A thick haze of toxic smog loomed over the Indian capital, exacerbated by a spike in the burning of crop waste on surrounding farmland.

It reduced visibility and the air quality index (AQI) reached 470 on a scale of 500, according to the federal pollution control committee. This level of pollution means that the air will affect healthy people and severely impact those with existing diseases.

The morning mist envelops the New Delhi skyline.  The city's air quality index hit 470 on a scale of 500 on Friday.

The morning mist envelops the New Delhi skyline. The city’s air quality index hit 470 on a scale of 500 on Friday.Credit:AP

According to the Pollution Authority’s Graded Response Action Plan, air quality that remains “severe” for 48 hours must push states and local authorities to impose emergency measures that include school closures, of “even and odd” restrictions on private cars based on their number plates, and stop all construction.

In a late evening circular on Friday, Delhi time, the council said government and private offices should reduce the use of private transportation by 30% and advised city residents to limit exposure to ‘open.

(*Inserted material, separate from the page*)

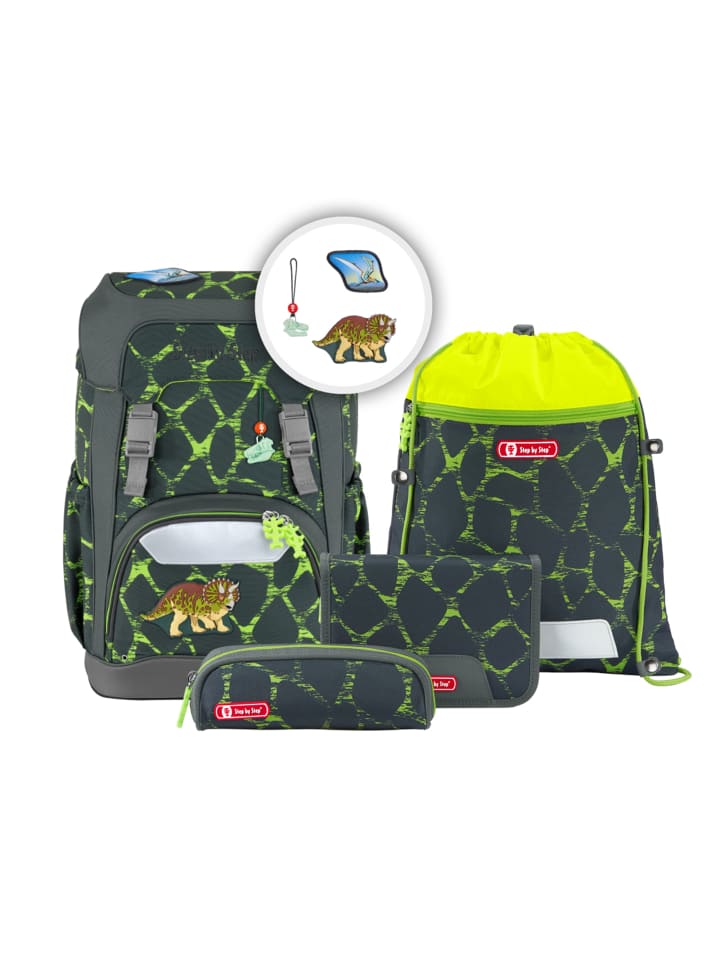 Step by Step 5tlg. Ranzen-Set GIANT in Dino Tres günstig kaufen onesize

“Weather conditions will be very unfavorable for pollutant dispersal until November 18, 2021, in view of light winds with calm conditions overnight,” the council said.

Earlier this week, local authorities had ordered the brick kilns to be closed, the frequency of mechanized cleaning increased, and a crackdown on waste burning and dust.

The concentration of poisonous particulate matter PM2.5 averaged 329 micrograms per cubic meter of air. The government prescribes a “safe” reading of PM2.5 at 60 micrograms per cubic meter of air for a period of 24 hours.

PM2.5 is small enough to penetrate deep into the lungs, enter the bloodstream, and can cause severe respiratory disease, including lung cancer.